*REQUIRED ACTION*
Pull out from the material below all lines with "Hotel".

*INPUT RECORDS*
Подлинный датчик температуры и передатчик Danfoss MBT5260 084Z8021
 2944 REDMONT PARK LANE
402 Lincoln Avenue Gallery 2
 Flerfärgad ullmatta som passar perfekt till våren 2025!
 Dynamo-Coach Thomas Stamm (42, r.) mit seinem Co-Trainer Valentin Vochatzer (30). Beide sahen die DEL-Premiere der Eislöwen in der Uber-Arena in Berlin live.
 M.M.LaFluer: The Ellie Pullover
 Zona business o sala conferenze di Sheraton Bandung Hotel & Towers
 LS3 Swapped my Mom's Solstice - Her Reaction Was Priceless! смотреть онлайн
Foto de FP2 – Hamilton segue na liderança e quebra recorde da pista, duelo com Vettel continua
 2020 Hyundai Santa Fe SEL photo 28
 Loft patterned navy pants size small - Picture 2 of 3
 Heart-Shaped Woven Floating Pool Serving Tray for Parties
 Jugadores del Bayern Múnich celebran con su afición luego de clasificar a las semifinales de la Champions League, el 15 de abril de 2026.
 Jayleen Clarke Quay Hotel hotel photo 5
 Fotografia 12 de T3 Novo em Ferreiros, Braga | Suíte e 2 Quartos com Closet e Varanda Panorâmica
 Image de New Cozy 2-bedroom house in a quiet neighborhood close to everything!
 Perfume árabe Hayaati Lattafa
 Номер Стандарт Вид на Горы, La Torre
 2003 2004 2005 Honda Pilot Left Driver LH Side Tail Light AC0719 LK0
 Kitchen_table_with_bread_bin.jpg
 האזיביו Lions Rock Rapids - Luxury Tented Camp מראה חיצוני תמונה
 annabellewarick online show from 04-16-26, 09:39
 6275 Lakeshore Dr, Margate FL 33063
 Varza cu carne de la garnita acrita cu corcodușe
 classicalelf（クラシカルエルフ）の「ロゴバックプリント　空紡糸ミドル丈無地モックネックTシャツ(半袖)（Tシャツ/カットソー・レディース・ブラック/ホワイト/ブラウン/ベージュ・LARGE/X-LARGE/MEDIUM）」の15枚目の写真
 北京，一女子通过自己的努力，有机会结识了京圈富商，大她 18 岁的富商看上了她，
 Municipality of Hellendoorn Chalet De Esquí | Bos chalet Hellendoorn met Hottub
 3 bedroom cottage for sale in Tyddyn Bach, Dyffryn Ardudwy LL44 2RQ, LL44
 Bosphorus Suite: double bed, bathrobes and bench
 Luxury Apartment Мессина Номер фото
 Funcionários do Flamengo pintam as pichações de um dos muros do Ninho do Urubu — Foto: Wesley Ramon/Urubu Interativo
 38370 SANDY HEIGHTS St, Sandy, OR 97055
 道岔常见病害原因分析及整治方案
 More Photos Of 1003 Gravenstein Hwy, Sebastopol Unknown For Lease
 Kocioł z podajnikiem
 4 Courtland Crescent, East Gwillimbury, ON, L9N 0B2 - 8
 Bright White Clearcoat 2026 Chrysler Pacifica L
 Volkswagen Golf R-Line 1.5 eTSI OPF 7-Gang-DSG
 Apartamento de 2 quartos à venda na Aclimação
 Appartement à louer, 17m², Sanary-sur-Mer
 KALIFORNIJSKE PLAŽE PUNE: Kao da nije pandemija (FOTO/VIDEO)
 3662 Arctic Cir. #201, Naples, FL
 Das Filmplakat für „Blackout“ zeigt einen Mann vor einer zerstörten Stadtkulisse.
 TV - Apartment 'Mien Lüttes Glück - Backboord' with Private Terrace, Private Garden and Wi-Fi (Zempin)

*ANSWER SECTION*
 Zona business o sala conferenze di Sheraton Bandung Hotel & Towers
 Jayleen Clarke Quay Hotel hotel photo 5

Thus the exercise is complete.